**WHAT YOU HAVE TO DO**:
Reproduce exactly the lines from the one containing "Modern kitchen with" through the last line of the records below, both included. Leave out any pictures.

**PROVIDED RECORDS**:
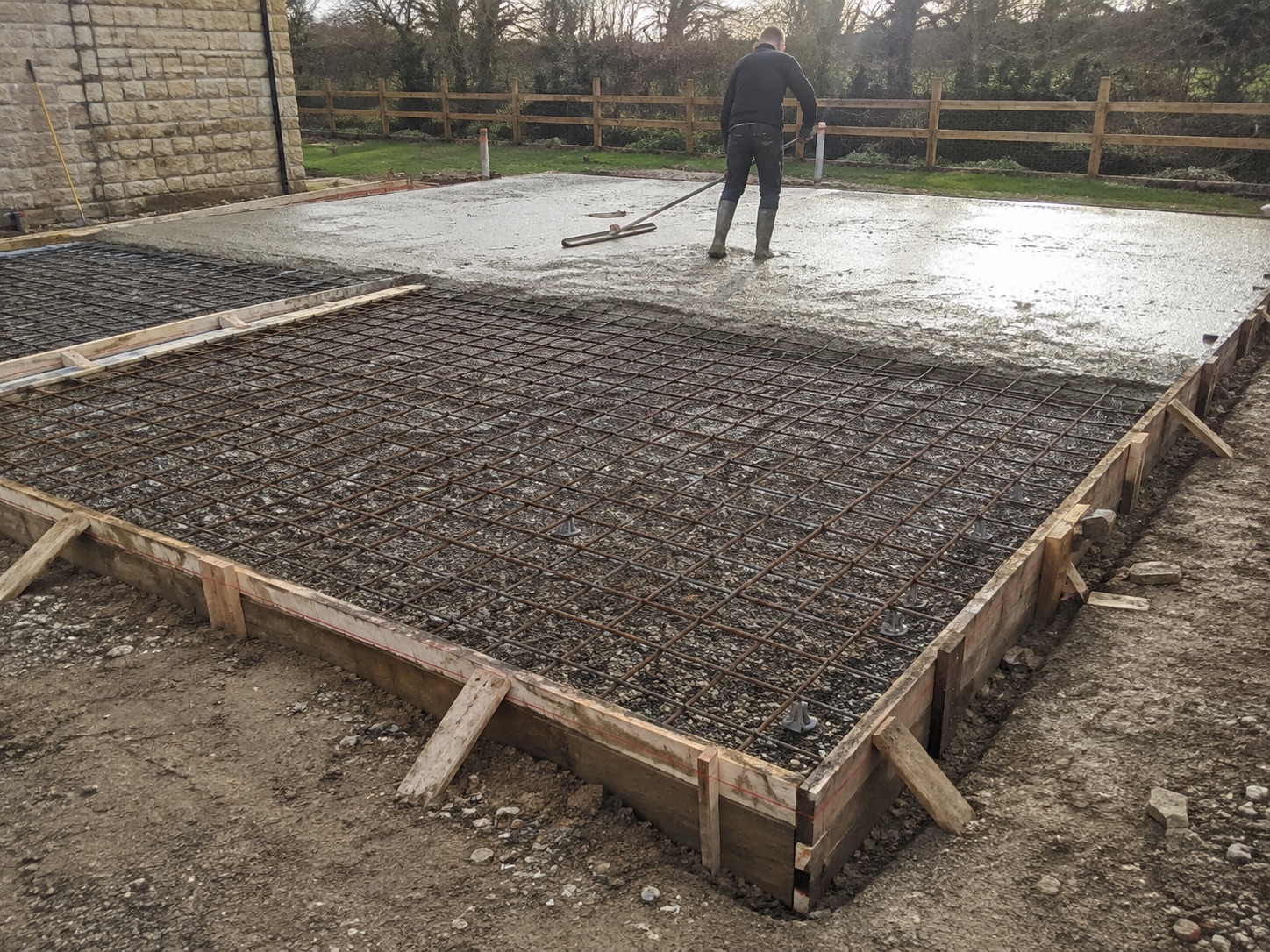 Site preparation and grading for a new concrete driveway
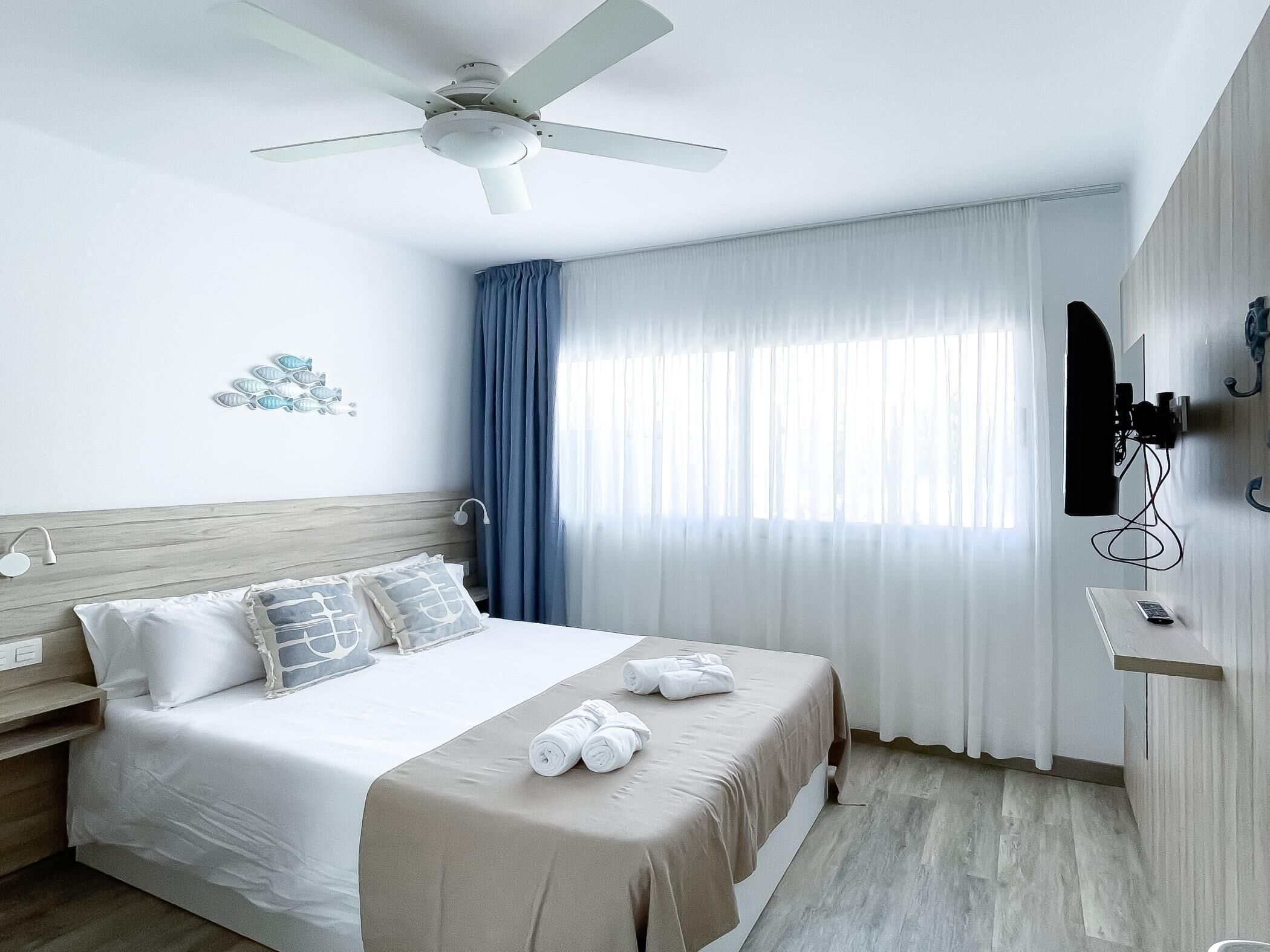 2 dormitorios, tabla de planchar con plancha, Internet y ropa de cama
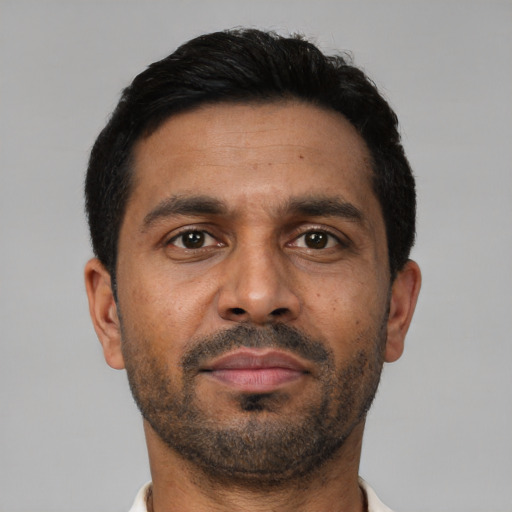 Neutral latino adult male with short  black hair and brown eyes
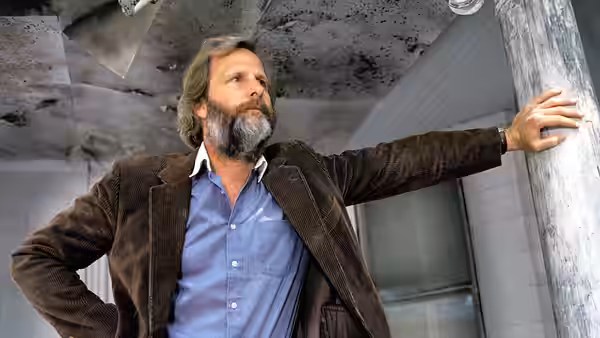 Bernard (Jeff Daniels) stands with hand on pillar in a ruined room
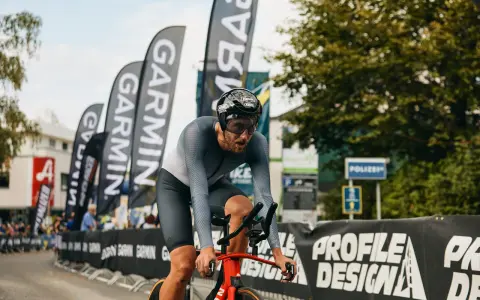 Fokus auf den Radfahrer beim rad wm zeitfahren. Er kämpft sich durch, die Garmin-Fahnen wehen im Hintergrund.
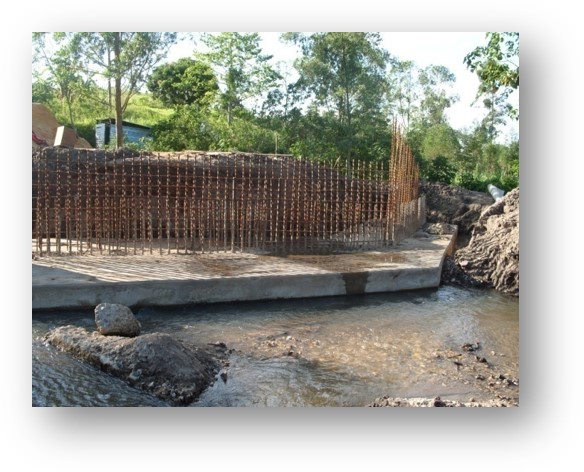 Nexus (U) Limited was entrusted with the construction of the Kanungu Bridge in Kanungu District, Uganda. This infrastructure project aimed to improve transportation, connectivity, and accessibility in the region, supporting economic development and improving the quality of life for local residents. Scope of the Construction Work The construction of Kanungu Bridge involved several key phases, from initial planning and design to final execution, with a focus on ensuring the bridge's structural integrity and longevity. Surveying and Design: The first phase of the project included detailed surveying of the site and designing a bridge structure that could withstand the region's environmental and traffic demands. The design process took into account local topography, hydrology, and soil conditions. Foundation Work: The foundation of the bridge was carefully designed to ensure stability and safety, with deep foundations constructed to support the weight of the bridge and the traffic it would carry. Bridge Deck and Superstructure: The bridge deck and superstructure were constructed using reinforced concrete and steel, materials chosen for their strength and durability. The deck was designed to accommodate vehicular traffic and pedestrian movement safely. Piling and Pier Construction: Strong and reliable piling and piers were built to ensure the bridge’s stability over the water and provide resistance to environmental factors like flooding and erosion. Approach Roads and Pavement: Nexus (U) Limited constructed the approach roads leading to the bridge, ensuring smooth connectivity with existing road networks. Proper paving and road signage were included for safe travel. Safety and Security Features: Safety railings, guardrails, and other protective measures were installed to ensure the safety of drivers and pedestrians. Proper signage and lighting were also added to enhance visibility, especially during the night. Environmental Considerations: Throughout the construction, Nexus (U) Limited implemented environmentally responsible practices, ensuring minimal disruption to local wildlife and ecosystems during the building process. Final Inspection and Testing: After construction was completed, the bridge was thoroughly inspected to ensure compliance with safety and quality standards. Load testing and other necessary assessments were conducted before the official opening. Benefits of the Kanungu Bridge Improved Accessibility: The completion of Kanungu Bridge has greatly improved transportation across the district, reducing travel time and connecting rural communities to nearby towns and cities. Economic Development: The bridge facilitates easier access to markets, services, and resources, benefiting local farmers, businesses, and residents. Enhanced Safety: The new bridge has provided a safer alternative to previous crossing methods, especially during rainy seasons when flooding and erosion were common concerns. Community Connectivity: The bridge plays a crucial role in connecting Kanungu District to other parts of Uganda, promoting regional integration and supporting infrastructure development. Completion and Outcome The Kanungu Bridge was successfully completed, with Nexus (U) Limited ensuring high standards of construction quality, safety, and environmental sustainability. The bridge now stands as a vital infrastructure asset, providing lasting benefits to the local community and supporting the broader development objectives of the region.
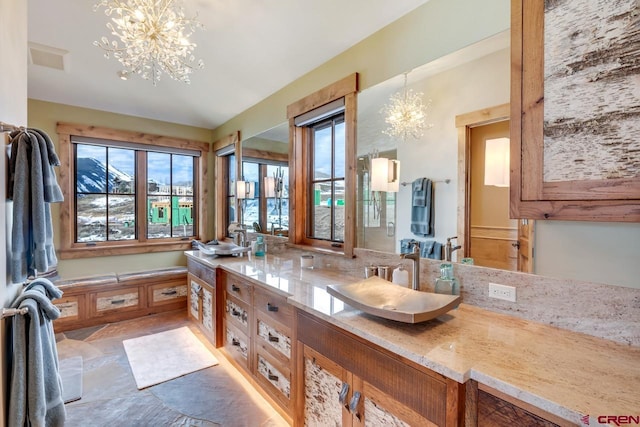 426 Saddle Ridge Ranch Rd, Crested Butte, CO 81224 - bathroom with a chandelier and double vanity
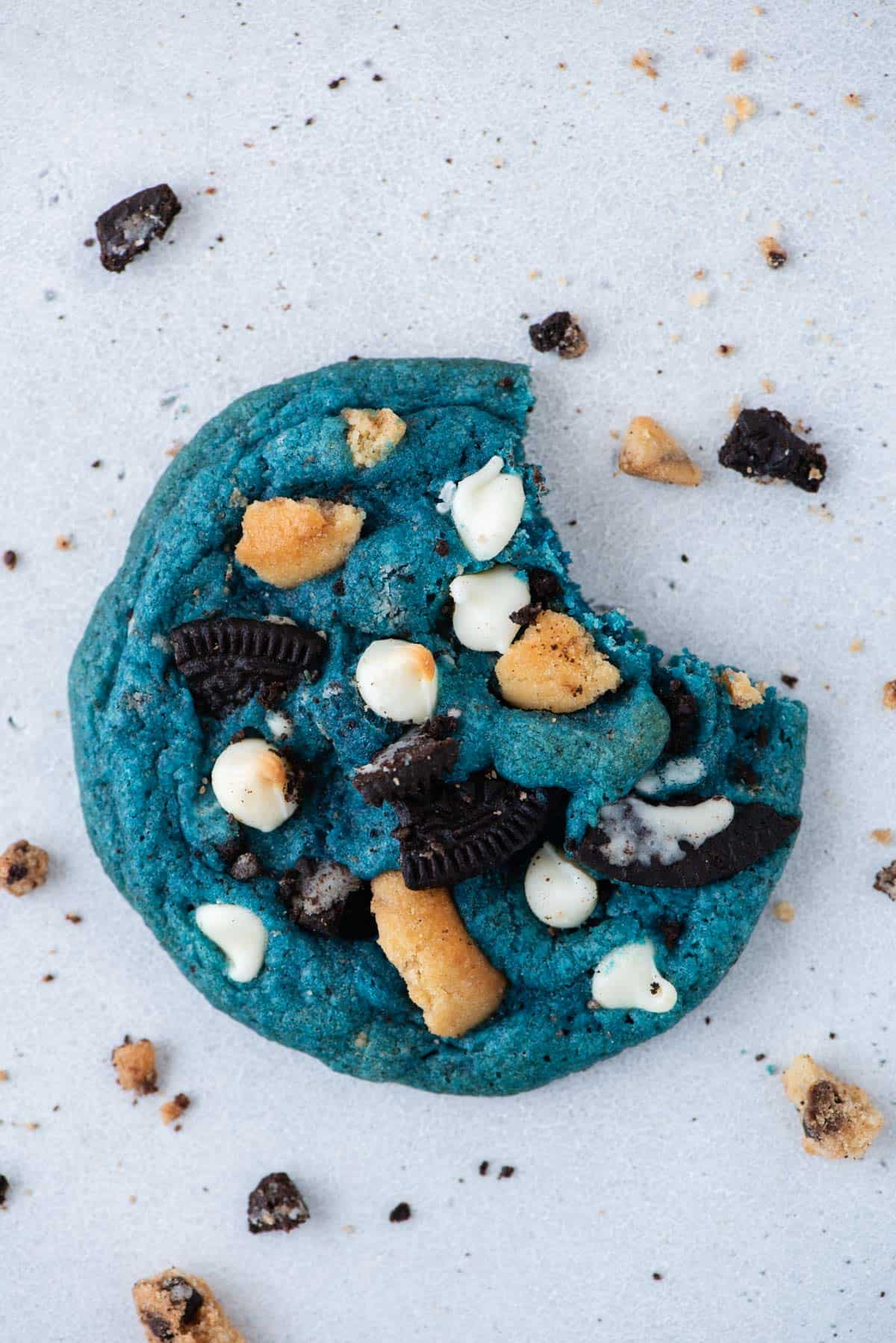 One cookie monster cookie with a bite taken out of it surrounded by cookie crumbs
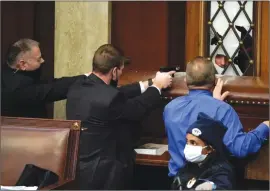  ?? The Associated Press ?? Police with guns drawn watch as protesters try to break into the House Chamber at the U.S. Capitol on Wednesday in Washington.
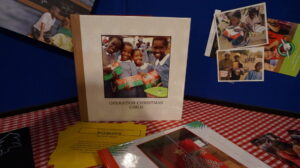 Mae Stone makes books of the children who receive the shoeboxes. 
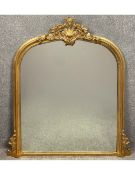 A large contemporary gilt Rococo style overmantel mirror with a scrolling foliate cresting and an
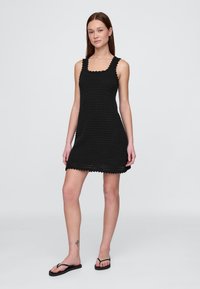 Crna kukičana haljina s kvadratnim izrezom, nazubljenim rubovima i opuštenim krojem. Model stoji na neutralnoj pozadini noseći crne japanke.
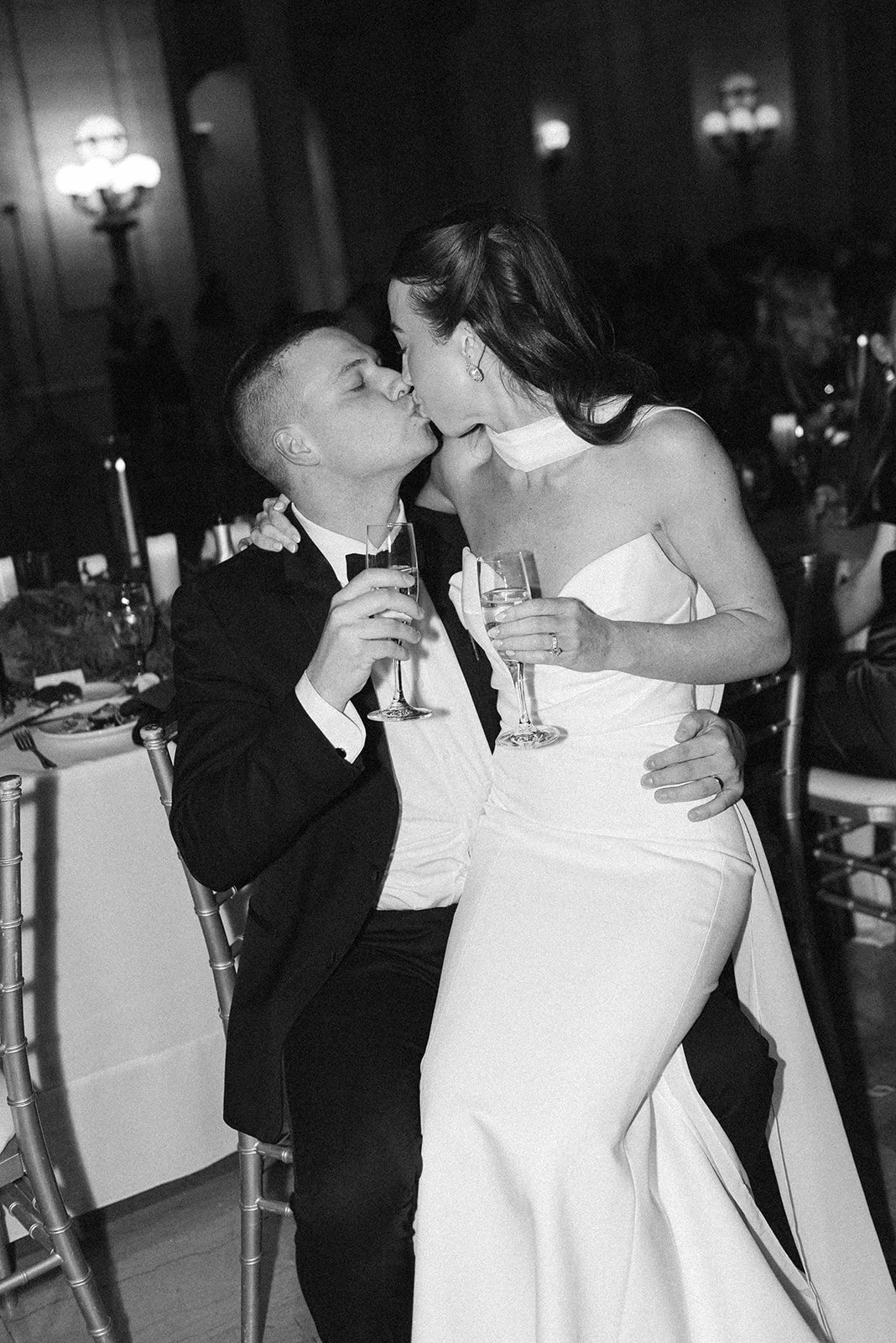 A couple dressed in wedding attire sharing a kiss at their wedding reception, holding glasses of champagne.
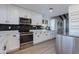 Modern kitchen with white cabinets, stainless steel appliances, and quartz countertops at 2039 E Aspen Dr, Tempe, AZ 85282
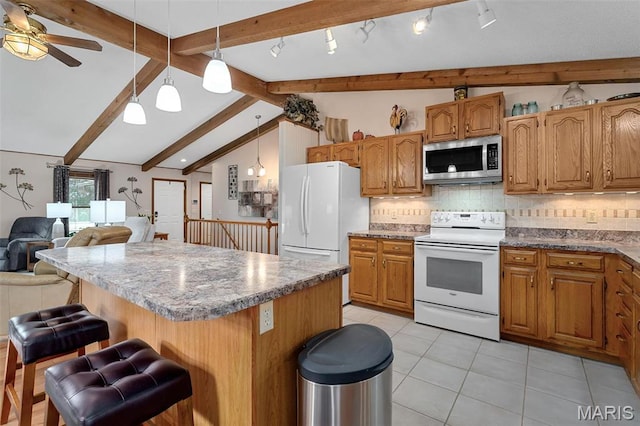 kitchen with white appliances, a kitchen island, a ceiling fan, open floor plan, and light tile patterned floors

**REPLY TO THE EXERCISE**:
 Modern kitchen with white cabinets, stainless steel appliances, and quartz countertops at 2039 E Aspen Dr, Tempe, AZ 85282
 kitchen with white appliances, a kitchen island, a ceiling fan, open floor plan, and light tile patterned floors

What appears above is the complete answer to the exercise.